By Royal Decree 609/2023 of 11 July 2023, Spain approved the creation of the ultimate beneficial ownership register (thereby giving effect to an EU Directive). The decree entered into force on 19 September, with the register accessible from 19 October. Subject to certain exceptions, the register will be publicly available and provide information on the ultimate beneficial owners of Spanish legal entities, amongst others. Access to ultimate beneficial owner information is only accessible to persons or entities that can prove a legitimate interest. The publicly available details shall be limited to name, month and year of birth, country of residence and nationality of the ultimate beneficial owner; as well as the nature of their beneficial ownership (i.e. whether such beneficial ownership is due to the controlling ownership or to being the management body thereof).

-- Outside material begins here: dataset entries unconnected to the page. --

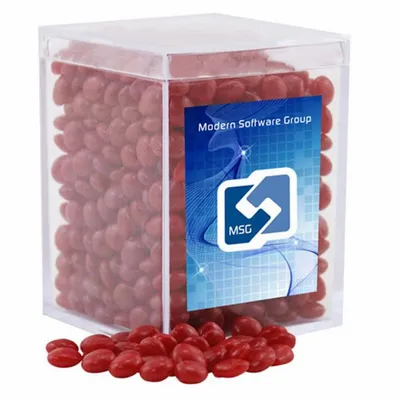 Acrylic Box with Red Hots - Small - Custom Ribbons Now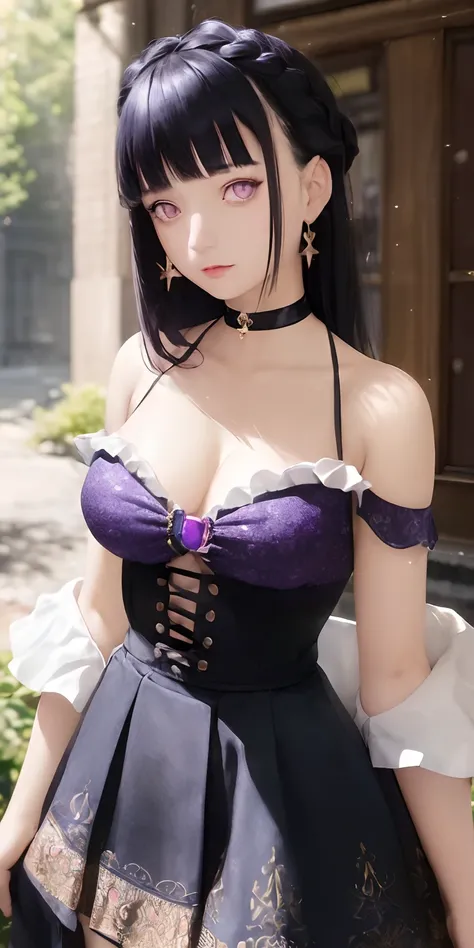 (masterpiece, best quality), 1girl, intricate details, print, earrings, upper body, bokeh, dappled sunlight,Blunt Bangs, purple eyes, long dark blue hair , off shoulder, high-waist skirt, choker, looking at viewer, french braid, clothing cutout, glitter, p...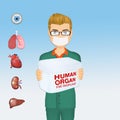 Surgeon doctor with human organs for transplantation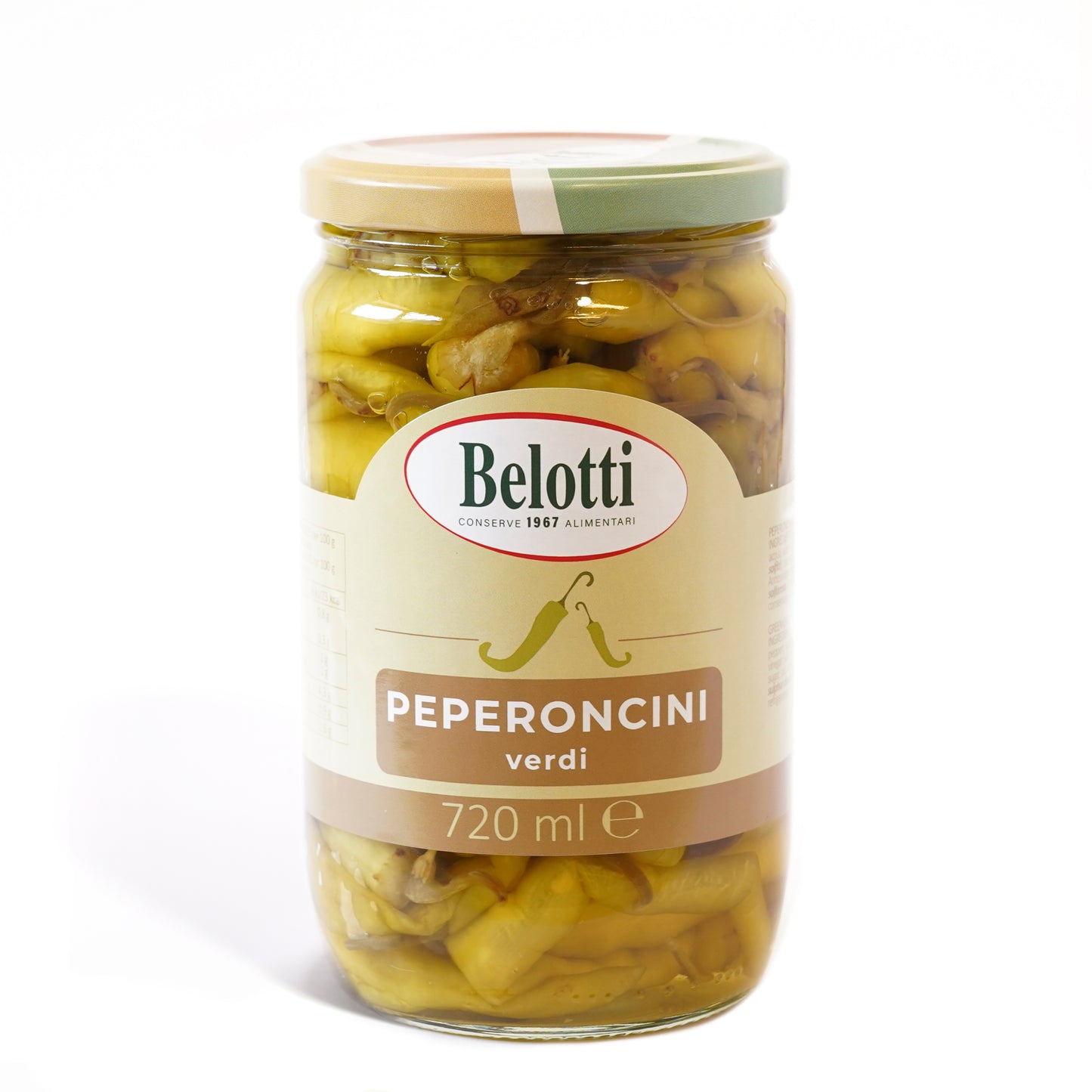 Peperoncini verdi. Conserve alimentari sott'olio e sottaceto.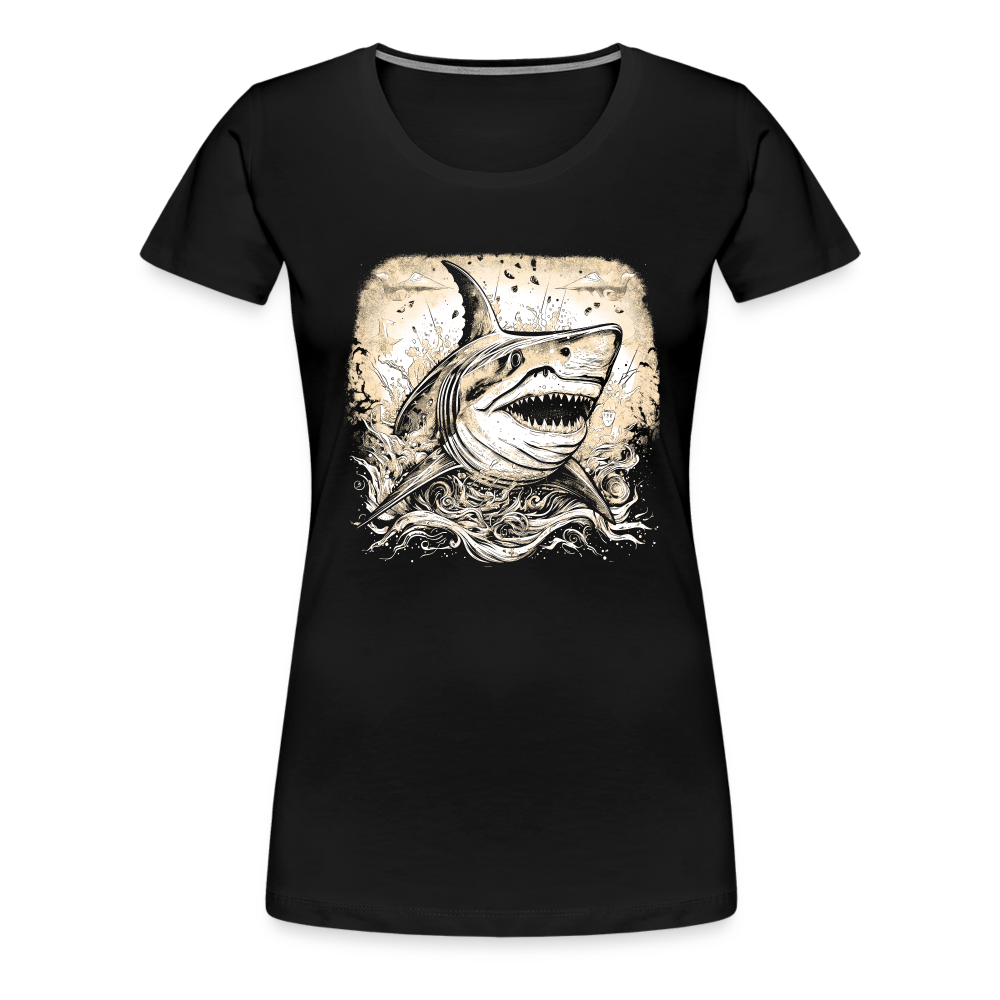 Cooler Retro Hai - Frauen Premium T-Shirts - Schwarz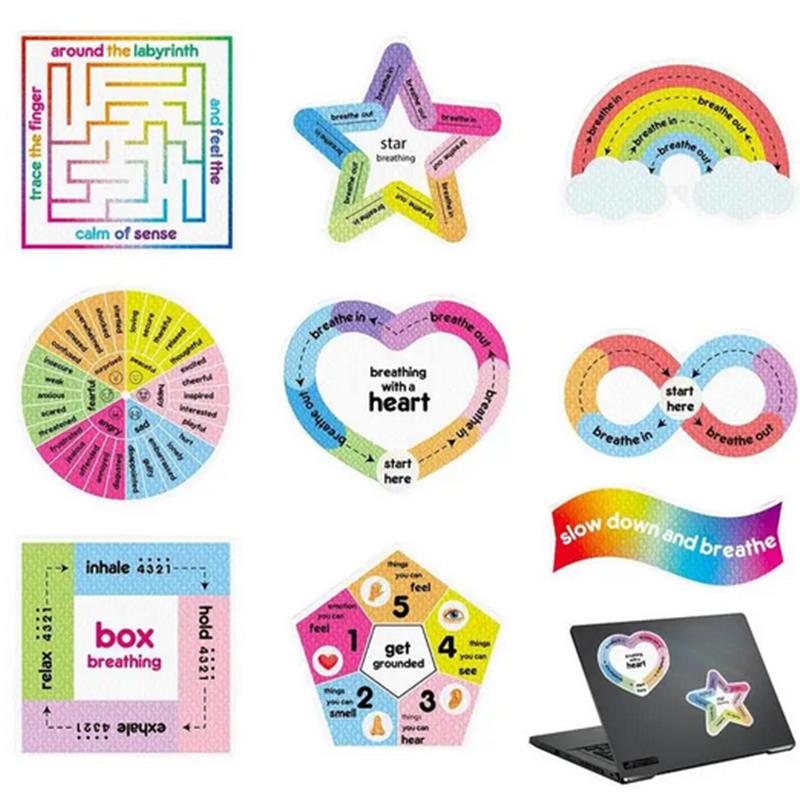 Calm Strips 24 stuks Motiverende Stickers Anti Stress Tactiele Ruwe Strips Waterdichte Esthetische Regenboog Stijl Gestructureerde Stickers
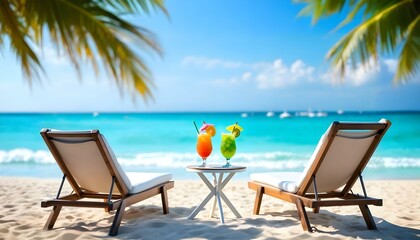 Two lounge chairs on the beach with a small table between them with fruity drinks and umbrellas in front of the ocean with a sandy beach and water and palm trees umbrellas sun on vacation honeymoon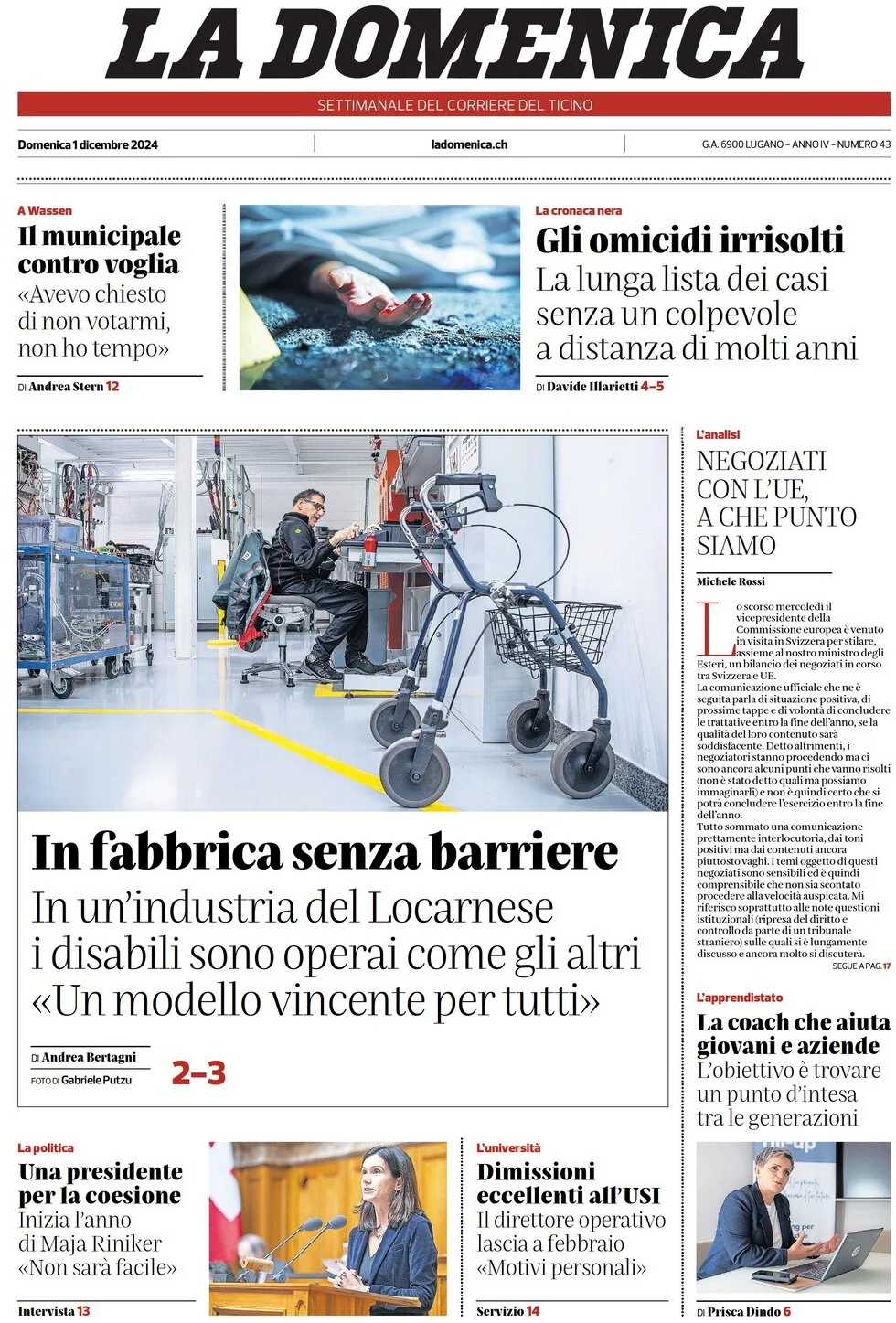 anteprima della prima pagina di corriere-del-ticino del 01/12/2024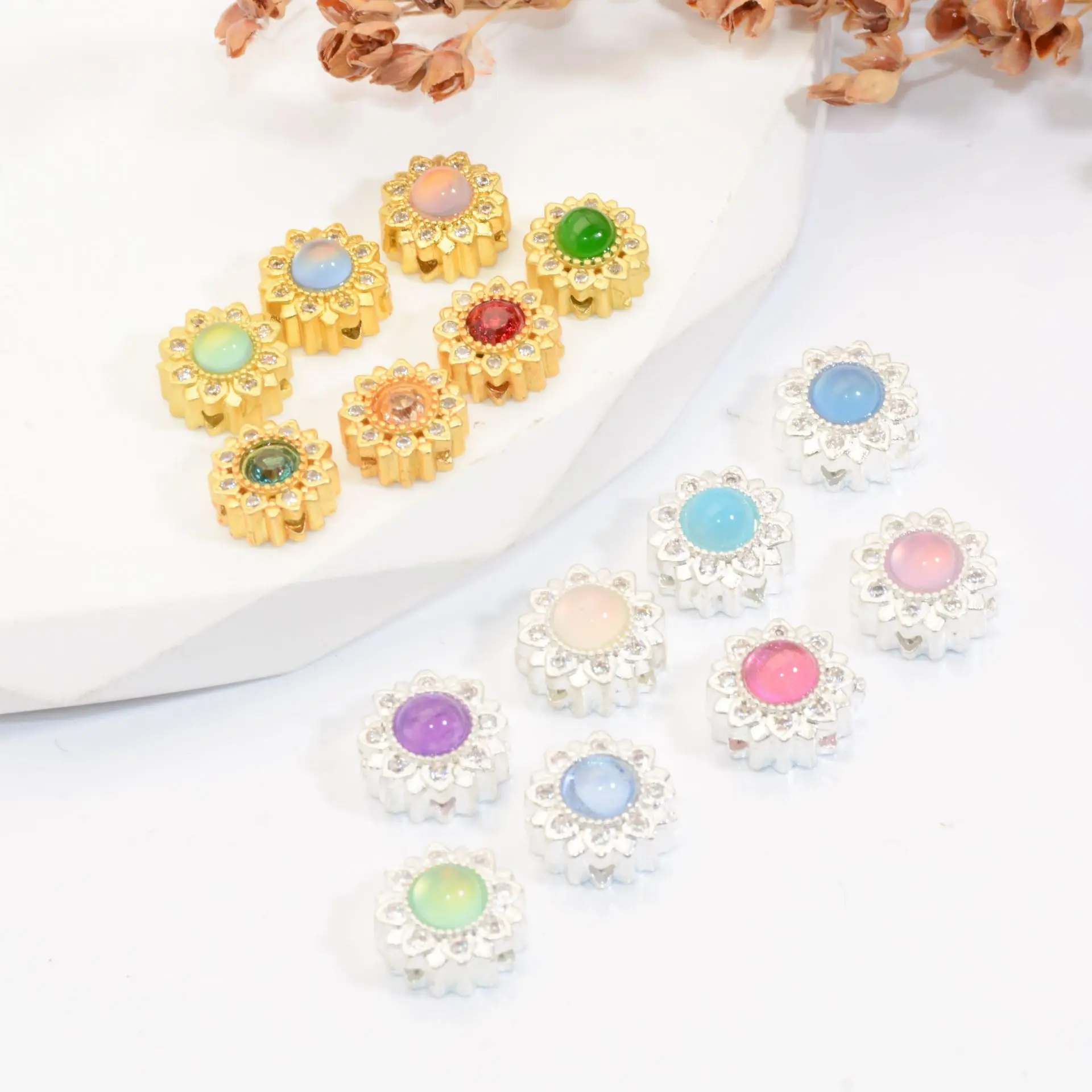 5 Pieces Copper Plated Inlaid Opalite Multi-hole Bead Separator DIY Pearl Bracelet Beaded Necklace Jewelry Accessories Wholesale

Initially, the new electronic register will receive the required information from other registries. Such information will need to be provided within nine months of entry into force of the decree. There will be an ongoing obligation to keep the information up-to-date. For those not providing information through those registries, there will be an obligation to update the register personally, within two months of entry into force of the decree, with an ongoing obligation to update the register within ten days of becoming aware of a change.

United Kingdom

Register of Overseas Entities: One Year On

As noted in our previous briefing (available here: European Real Estate Finance: Market Update – Q4 2022), the register of overseas entities was launched in August 2022 requiring overseas entities to first register with Companies House, prior to acquiring (or selling) land in the UK. In order to register, details of ultimate beneficial owners or managing officers was required (as applicable).

The Act contains an annual updating requirement (which most overseas entities will be triggering around now), such that each year, registered overseas entities are required to deliver updates on the information previously provided (i.e. confirm the details are still correct or provide new details). If details have changed since the original application, then, as with the original application, verification agents will be needed to independently verify the data being submitted (details of approved verification agents are available from the applicable Companies House website).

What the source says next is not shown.